PDF Extraction: Docling’s Strong Suit#
In my tests, Docling handled PDFs better than most open-source tools—including Markitdown. It accurately preserved reading order and recognized multi-column layouts. Here’s an overview:
Bank Statement with a Table
It can even preserve images contained in a PDF as inline base64 strings. Below you can see the original PDF, the raw markdown conversion, and the markdown rendered as HTML.
OCR Examples: macOS LiveText Steals the Show
One of Docling’s standout features is its ability to selectively use OCR. On macOS, Docling can tap into LiveText to perform extremely fast, high-accuracy OCR. This was evident in the test below where I gave it an image scan of a school calendar.
• A scanned PNG file of a NYC public school calendar was converted into Markdown. • Each cell in the calendar table was recognized, including day headings and text blocks. • The final output was fully structured, with rows and columns mapped to the correct positions.
By combining accurate OCR with layout-aware parsing, Docling nailed the table structure in a single pass. This significantly speeds up the process of extracting textual content from scanned documents.
Observations and Limitations#
- Better PDF Handling: Docling excels at PDF extraction compared to other solutions.
- Office Documents: Although DOCX and XLSX generally convert well, PPTX support can be unpredictable.
- Table Recognition: TableFormer does a remarkable job with many table layouts, but heavily stylized or line-free tables can still pose a challenge.
- MacOS OCR: If you’re on macOS, you’ll want to enable the native OCR option for a boost in accuracy and speed—especially over large sets of image-heavy PDFs.

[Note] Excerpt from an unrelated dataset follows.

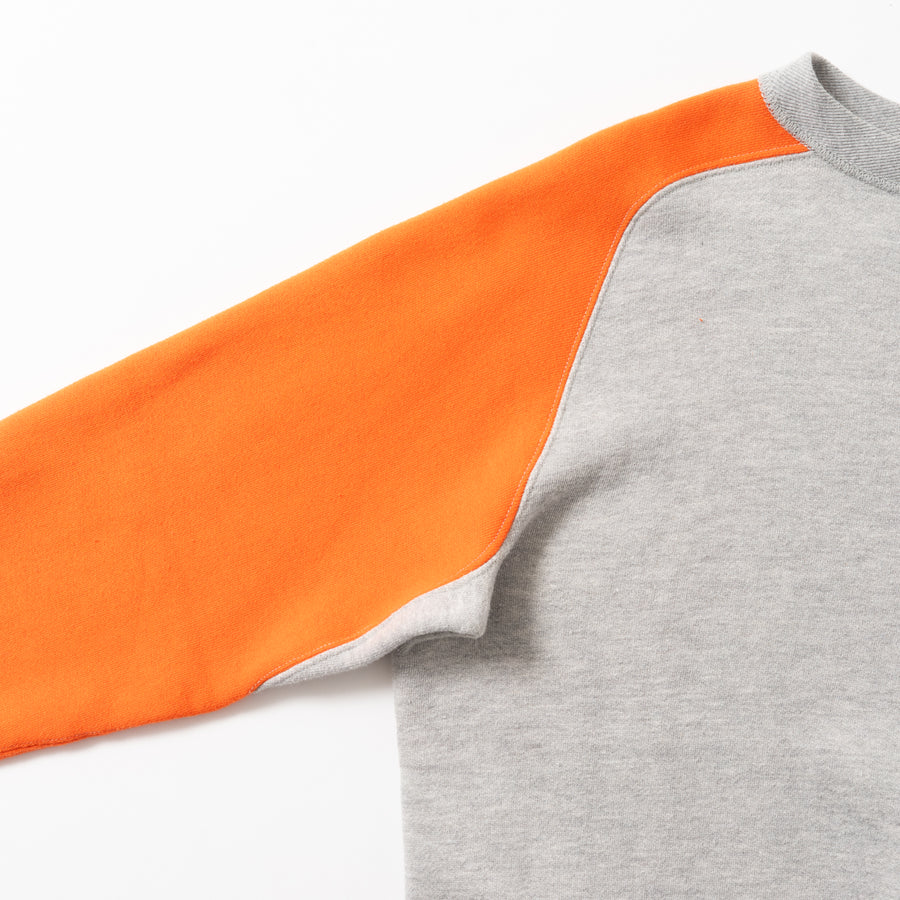 JOHN BULL SWITCHED SWEATSHIRT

Conclusion: A Versatile Tool for AI Document Workflows#
Docling delivers a robust solution for preparing multi-format documents—scanned or otherwise—for AI workflows. By harnessing AI-driven layout and table recognition, Docling consistently outperforms generic converters in capturing headings, reading order, and table structure. In head-to-head tests against other open-source solutions like Markitdown, Docling wins hands-down on PDF extraction. However, for certain Office docs—especially PPTX—results can vary.